▶ SUPPLIED DATA:
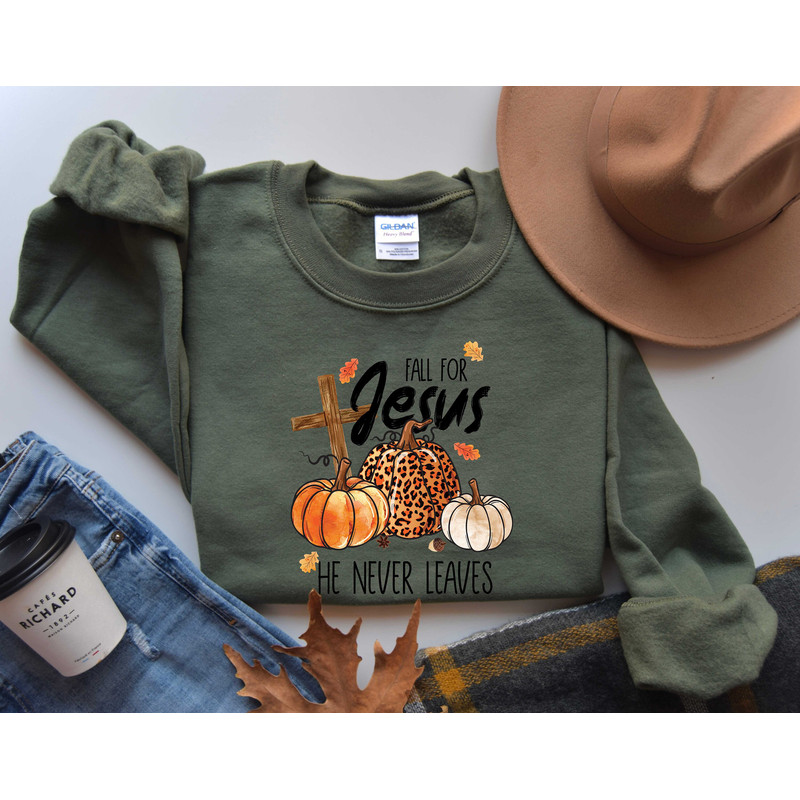 Fall For Jesus He Never Leaves, Thanksgiving Autumn Sweatshirt, Autumn Hoodie, Thanksgiving Gift, Thanksgiving Fall Gift - 3.jpg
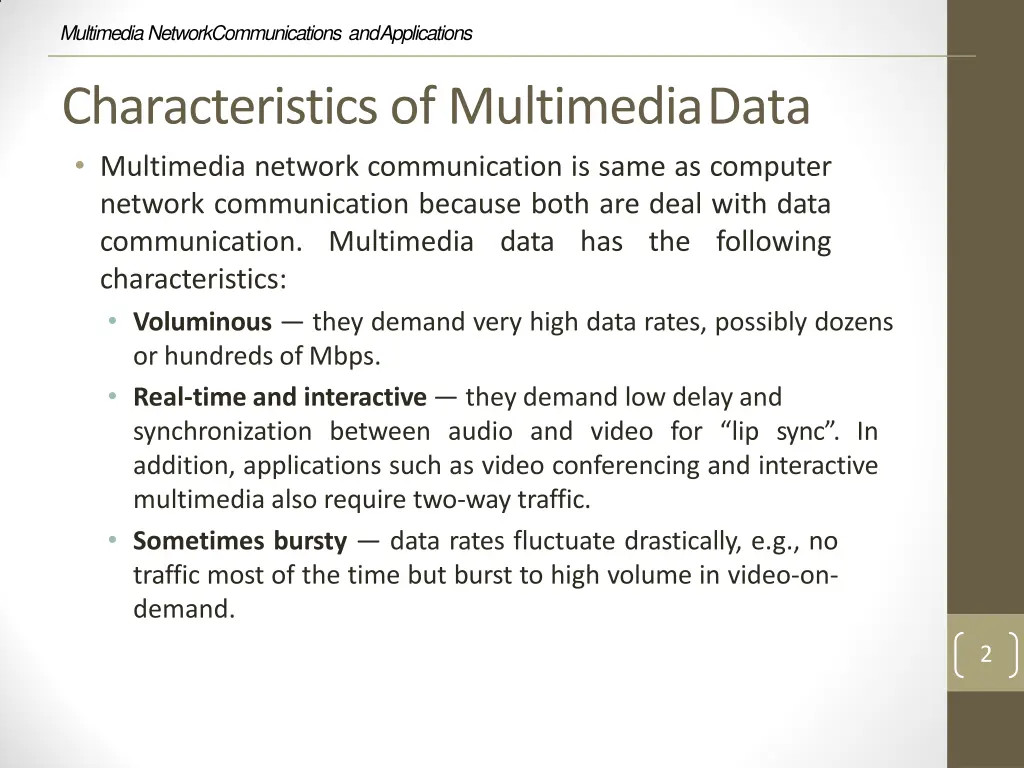 multimedia network communications and applications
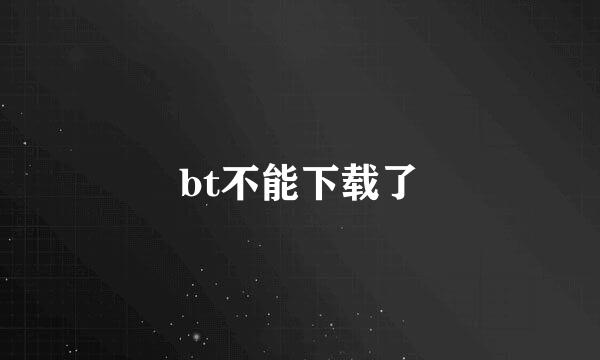 bt不能下载了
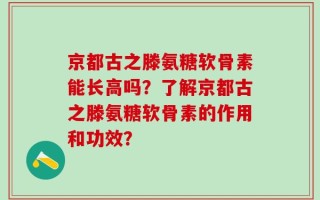 京都古之滕氨糖软骨素能长高吗？了解京都古之滕氨糖软骨素的作用和功效？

▶ TASK DESCRIPTION:
For this exercise, output only the lines from the one bearing "multimedia network communications" to the end of the material above, exactly as written, with pictures left out.

▶ REPLY:
 multimedia network communications and applications
 bt不能下载了
 京都古之滕氨糖软骨素能长高吗？了解京都古之滕氨糖软骨素的作用和功效？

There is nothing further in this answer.